# New to this..



## Jlb12

Hello all,

I’m struggling to stay in my marriage and thought a support group might be of help. I think if it weren’t for my son, it would be a much easier decision, however, that’s not the case. My husband (son’s bonus dad) likes to use the “I’m done” line often and each time we have a minor disagreement. This last time, it hit me differently. Was I sad? Of course, but I had the thought of well maybe you are right. He’s out of state on a business trip right now so him and I will “try” to discuss later. Any tips on how to approach individuals who use the “I’m done” line often?


----------



## Hiner112

Does he mean that he's done arguing right now? Does he mean that he isn't ever going to discuss the issue?

It is a perfectly reasonable thing to say that you're too emotionally worked up to deal with a particular issue at the moment in a reasonable way. It is a lot less reasonable to mean that you're never going to revisit the topic. It could also mean that the "minor issue" isn't important enough to him to fight about. "You win, can we please move on now?" in other words

Of course, not every issue needs to be resolved every time. You can have a perfectly healthy relationship and not agree on everything.

As for approaching him, you might try to get at what he means by "I'm done." For best results you should try to ask in a way that isn't confrontational or he'll shortly be done with the follow on discussion of what that means. If he's stonewalling then you're seeing one of the horsemen of the relationship apocalypse.


----------



## Lostinthought61

Tell me what would life look like if you both divorce? how would you support yourself ? When you say bonus dad is he his step father? how long have you been married? Sometimes if you realistically look at worse case scenarios it will better help you focus on the problem. I am not suggesting you will both take this path, but you need to look what that path will look like.


----------



## Jlb12

Yes he means it like he’s done with the marriage and will start discussing him moving out or my son and I moving out. We bought the house together a few years ago.


----------



## Jlb12

Lostinthought61 said:


> Tell me what would life look like if you both divorce? how would you support yourself ? When you say bonus dad is he his step father? how long have you been married? Sometimes if you realistically look at worse case scenarios it will better help you focus on the problem. I am not suggesting you will both take this path, but you need to look what that path will look like.


Reply: I make more than enough to support my son and I and am the so called “bread winner”. He does have a good job as well. We’ve both been married once before and he is my son’s step dad. In my mind, he says this because he’s afraid of not being the one who chooses to leave.


----------



## Jlb12

Hiner112 said:


> Does he mean that he's done arguing right now? Does he mean that he isn't ever going to discuss the issue?
> 
> It is a perfectly reasonable thing to say that you're too emotionally worked up to deal with a particular issue at the moment in a reasonable way. It is a lot less reasonable to mean that you're never going to revisit the topic. It could also mean that the "minor issue" isn't important enough to him to fight about. "You win, can we please move on now?" in other words
> 
> Of course, not every issue needs to be resolved every time. You can have a perfectly healthy relationship and not agree on everything.
> 
> As for approaching him, you might try to get at what he means by "I'm done." For best results you should try to ask in a way that isn't confrontational or he'll shortly be done with the follow on discussion of what that means. If he's stonewalling then you're seeing one of the horsemen of the relationship apocalypse.

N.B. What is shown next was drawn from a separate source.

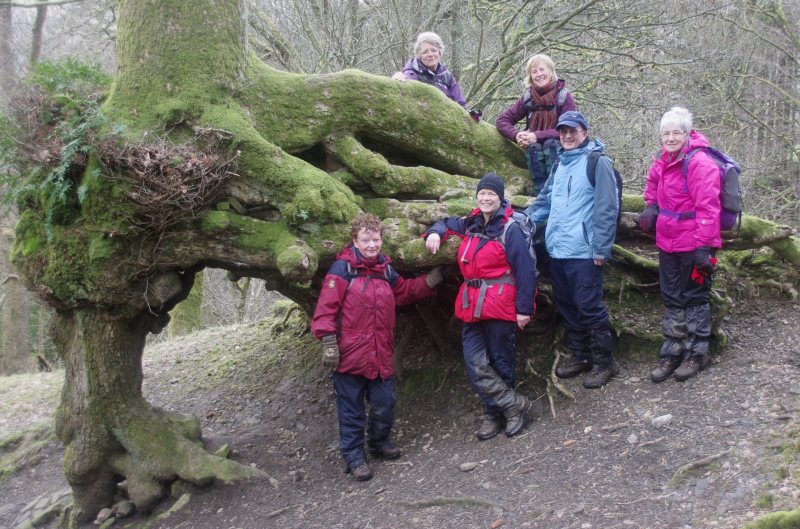 Rambling Club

Yes he means it like he’s done with the marriage and will start discussing him moving out or my son and I moving out. We bought the house together a few years ago.


----------



## Lostinthought61

Would both you be open to marriage counseling ? or do you feel that you are personally done?


----------



## Openminded

He’s your son’s stepdad? Why does that make it difficult to leave?


----------



## Jlb12

Openminded said:


> He’s your son’s stepdad? Why does that make it difficult to leave?


Because he’s been in his life for almost 4 years and he’s attached. He has feelings too.


----------



## Prodigal

You have the financial resources to leave. Take him up on his offer the next time he suggests it. My guess is he'll fold like a house of cards.

What he's doing is a manipulative/control technique to get you to stop discussing/arguing about whatever.

Oh, and if he doesn't fold and stands firm in pulling the plug on the marriage, I'd say you haven't lost much after all.


----------



## Jlb12

Lostinthought61 said:


> Would both you be open to marriage counseling ? or do you feel that you are personally done?


He has mentioned it. I’m actively searching for one now.


----------



## Openminded

Jlb12 said:


> Because he’s been in his life for almost 4 years and he’s attached. He has feelings too.


How old is he?


----------



## Jlb12

Openminded said:


> How old is he?


Almost 6.


----------



## Openminded

Jlb12 said:


> Almost 6.


Yeah, that time is a significant part of his life.


----------



## BigDaddyNY

He's done it so many times it seems a bit like an empty threat and you might try calling his bluff. The risk is he really may follow through. 

Throwing around divorce in an argument, repeatedly, obviously means there are significant marital issues. Maybe he doesn't know how to effectively communicate what his thoughts are during an argument and just throws that out there. Not making excuses, it is a very bad thing to do. 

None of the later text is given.